## WHAT YOU HAVE TO DO
Copy out each line below verbatim, skipping any picture.

## PROVIDED MATERIAL
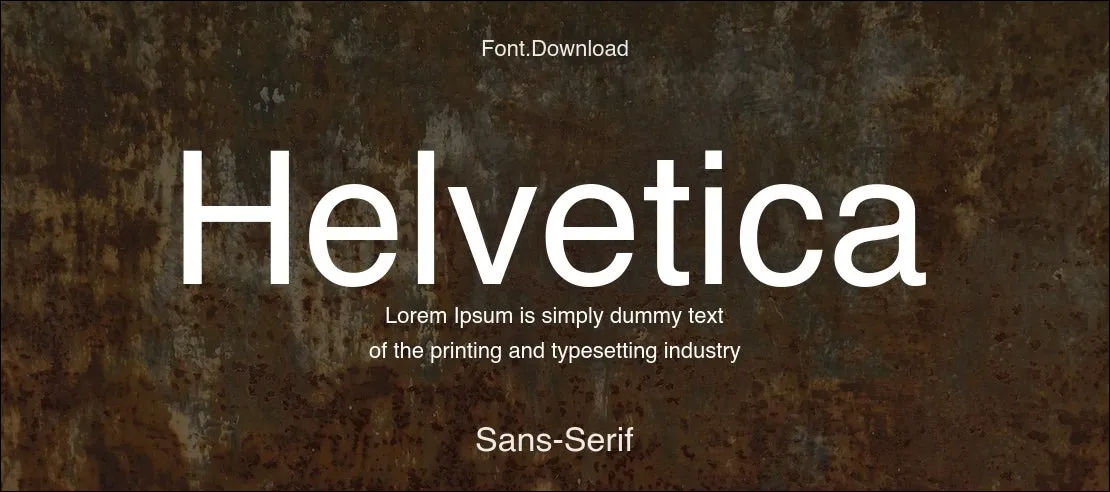 Font 6. Helvetica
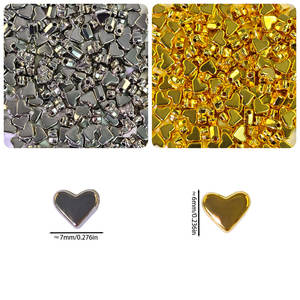 Nuovo Prodotto 2026: Perline d'oro e d'argento a forma di cuore, 1 pezzo/30g, per creazione fai da te di collane e bracciali, affascinanti, alla moda e all'avanguardia - Product Image 5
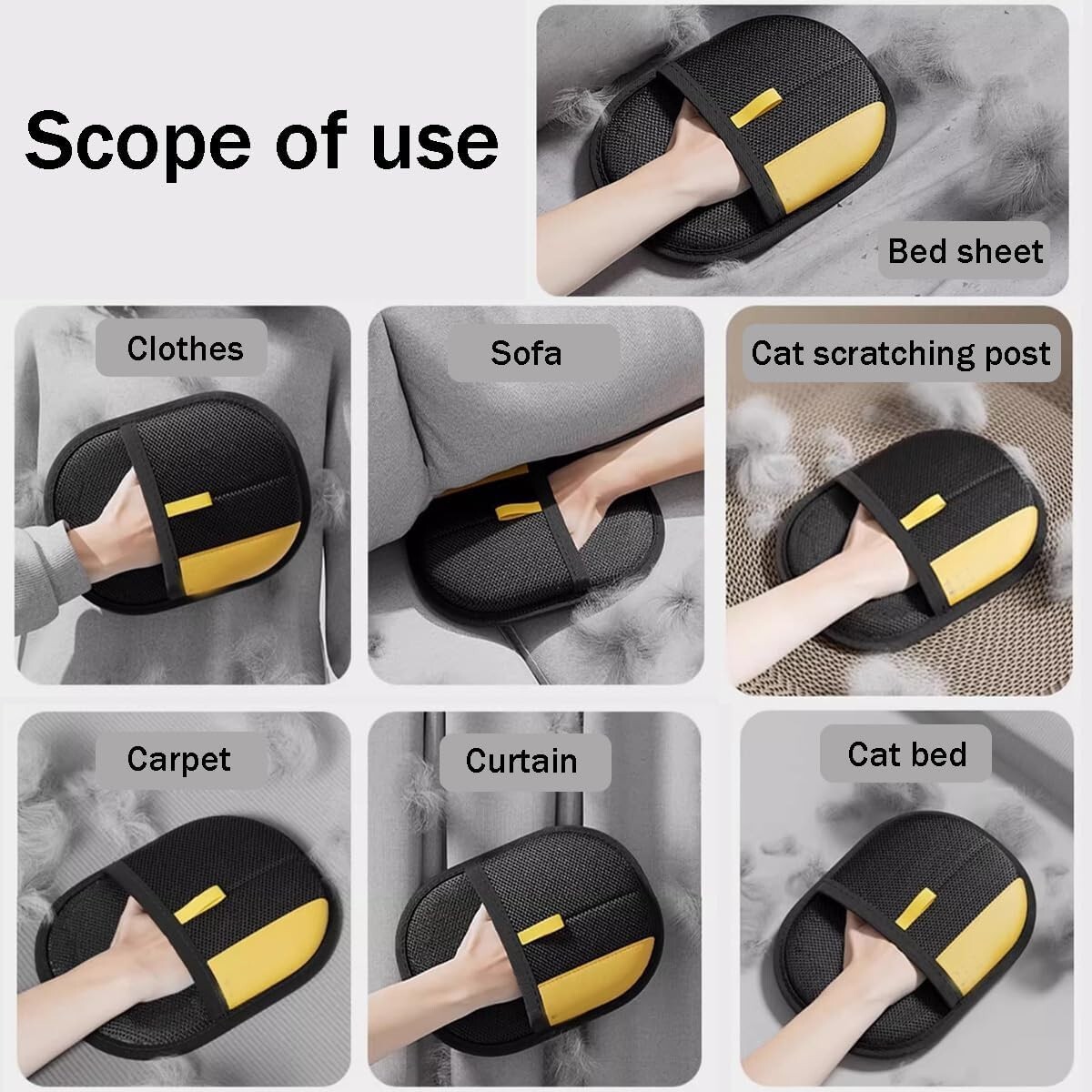2025 Glove Cat Grooming Gloves Cat Hair Remover Pet Hair Remover Glove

## FINISHED EXERCISE
 Font 6. Helvetica
 Nuovo Prodotto 2026: Perline d'oro e d'argento a forma di cuore, 1 pezzo/30g, per creazione fai da te di collane e bracciali, affascinanti, alla moda e all'avanguardia - Product Image 5
2025 Glove Cat Grooming Gloves Cat Hair Remover Pet Hair Remover Glove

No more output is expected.